A partir daí, o chefe do Escritório do Crime teria passado a atuar como uma espécie de segurança informal do filho 01 do ex-presidente Jair Bolsonaro.

“Depois do episódio, Adriano varreu os morros da Tijuca, onde viviam os Bolsonaros, matando suspeitos em supostos confrontos e ate mesmo praticando sequestros, como o filho de Isaías do Borel, um dos chefes da facção criminosa Comando Vermelho”, relata um trecho de Decaído.

Pouco tempo depois, em 2005, Flávio condecorou Nóbrega com a medalha Tiradentes, a maior honraria da Assembleia Legislativa do Rio de Janeiro.
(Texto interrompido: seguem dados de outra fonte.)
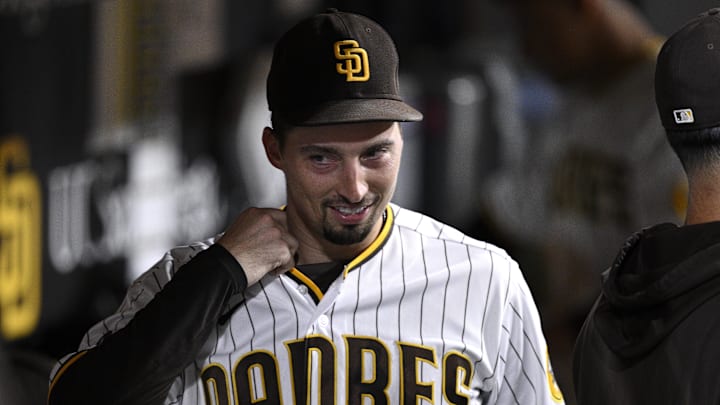 Sep 19, 2023; San Diego, California, USA; San Diego Padres starting pitcher Blake Snell (4) looks on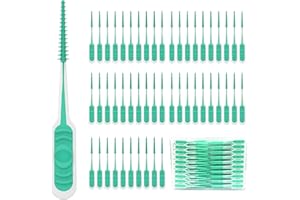 Maoerdental 200PCS Interdental Brush with Soft Rubber Handle,Disposable Dental Picks for Teeth Cleaning,Dental Picks with Convenient PP Case (Green)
O miliciano também já foi elogiado em diversas ocasiões e chamado de “herói da Polícia Militar” por Bolsonaro – a proximidade durou ao menos duas décadas.

“Quando Flávio foi eleito senador e Jair presidente, eles se afastaram de Adriano da Nóbrega e inclusive exoneraram a então mulher e mãe de Adriano do gabinete do Flávio. Foi lá que houve uma certa ruptura, embora eles tenham continuado dando apoio com elogios”, disse Ramalho.

O caso Marielle, seis anos depois

Acusado de disparar contra Marielle e seu motorista, Ronie Lessa tem conversado com a Polícia Federal e firmou um acordo de colaboração premiada. Os termos da delação ainda precisam do aval do Superior Tribunal de Justiça – mas, perto de completar seis anos da execução, cresce a esperança de que o nome de um mandante finalmente surja oficialmente.

Um das hipóteses mais prováveis envolve Domingos Brazão, político de carreira e atual conselheiro do Tribunal de Contas do Rio de Janeiro e líder de um influente clã político na Zona Norte do Rio. Segundo o Intercept Brasil, Lessa apontou seu nome como mandante na delação. A motivação, segundo as investigações, envolveria uma suposta vingança contra o ex-deputado Marcelo Freixo, à época filiado ao PSOL e coordenador da CPI das Milícias.

O conselheiro do TCE-RJ nega participação no crime e diz não ter nenhum conhecimento sobre a delação de Lessa. Ele pediu, por meio de seu advogado, acesso aos autos do processo, mas afirma que a solicitação foi negada.

Domingos Brazão: Nome do ex-deputado e atual conselheiro do TCE-RJ surgiu pela primeira vez em 2019, por suspeitas de obstrução das investigações sobre o caso Marielle Franco, e voltou à baila no fim do ano passado

Para o jornalista investigativo Sérgio Ramalho, a colaboração de Lessa é importante porque ele é “um arquivo vivo”. Ele duvida, porém, que haja apenas um mandante para o crime.

“É muito estranho, porque as ações desses grupos matadores eram sempre muito bem planejadas. Planejavam por meses, faziam varreduras, colocavam gente seguindo a vítima, pesquisavam os hábitos da pessoa, mandavam fazer placas clonadas para usar o carro na ocasião”, avalia.

Marielle foi morta a tiros em 14 de março de 2018, no bairro do Estácio, no centro da capital fluminense. A vereadora, que saía de um evento com mulheres negras, foi assassinada com quatro disparos na cabeça. Anderson Gomes, motorista do carro que a transportava pela cidade, foi atingido por três disparos nas costas e também faleceu.